Problem requirements:
Return each record word for word and omit the pictures.

--- Records for this exercise Enclosed Below ---

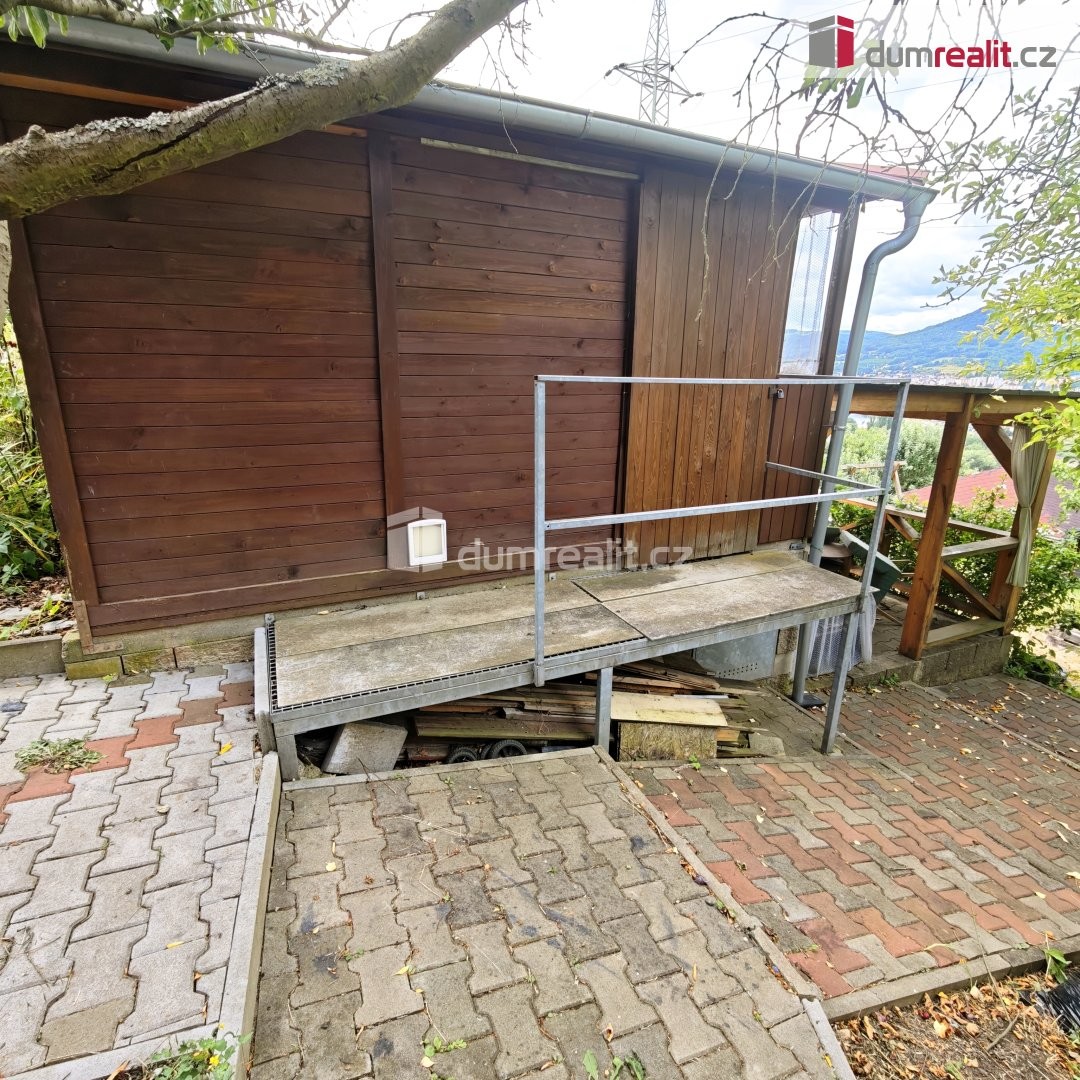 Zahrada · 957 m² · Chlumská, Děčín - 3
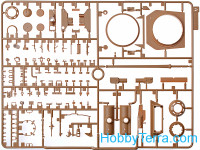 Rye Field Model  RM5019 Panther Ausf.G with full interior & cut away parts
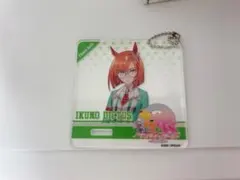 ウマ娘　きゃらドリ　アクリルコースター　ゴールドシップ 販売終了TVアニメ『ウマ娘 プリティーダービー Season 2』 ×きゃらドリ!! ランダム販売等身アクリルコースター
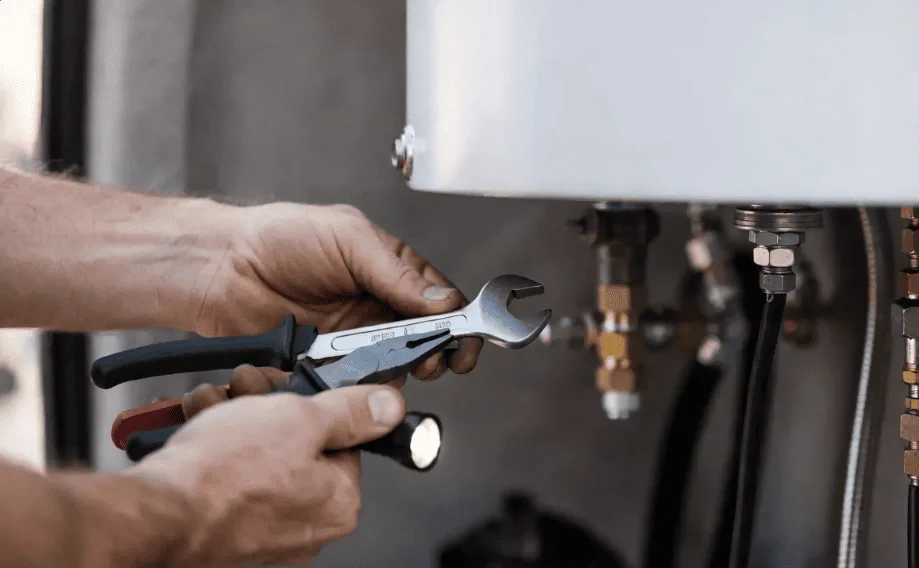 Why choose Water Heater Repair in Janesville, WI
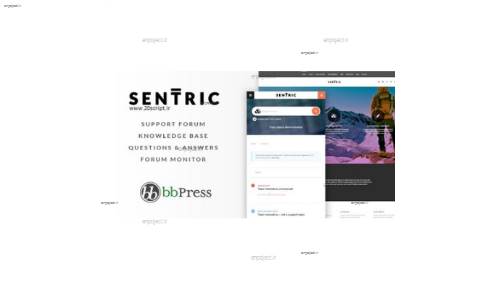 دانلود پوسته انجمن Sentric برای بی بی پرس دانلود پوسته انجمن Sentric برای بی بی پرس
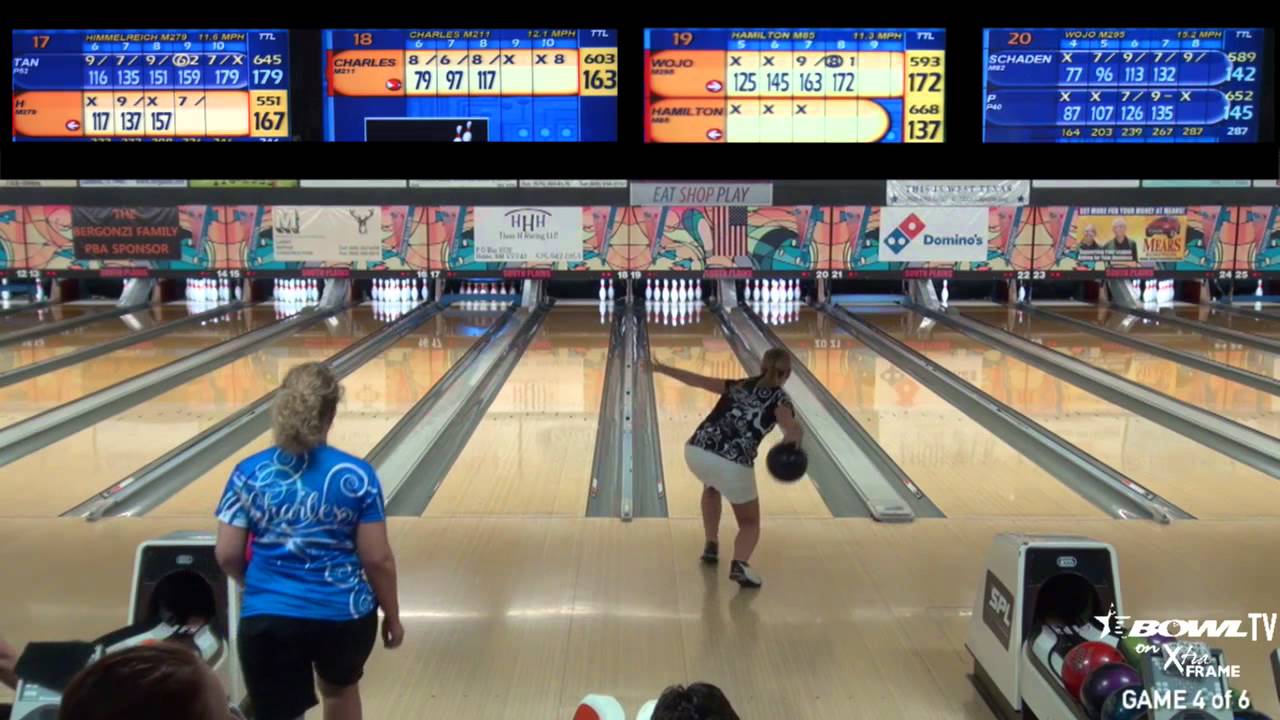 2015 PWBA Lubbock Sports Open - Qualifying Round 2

--- End of Enclosed Records for this exercise ---

Solved problem:
 Zahrada · 957 m² · Chlumská, Děčín - 3
 Rye Field Model  RM5019 Panther Ausf.G with full interior & cut away parts
 ウマ娘　きゃらドリ　アクリルコースター　ゴールドシップ 販売終了TVアニメ『ウマ娘 プリティーダービー Season 2』 ×きゃらドリ!! ランダム販売等身アクリルコースター
 Why choose Water Heater Repair in Janesville, WI
 دانلود پوسته انجمن Sentric برای بی بی پرس دانلود پوسته انجمن Sentric برای بی بی پرس
 2015 PWBA Lubbock Sports Open - Qualifying Round 2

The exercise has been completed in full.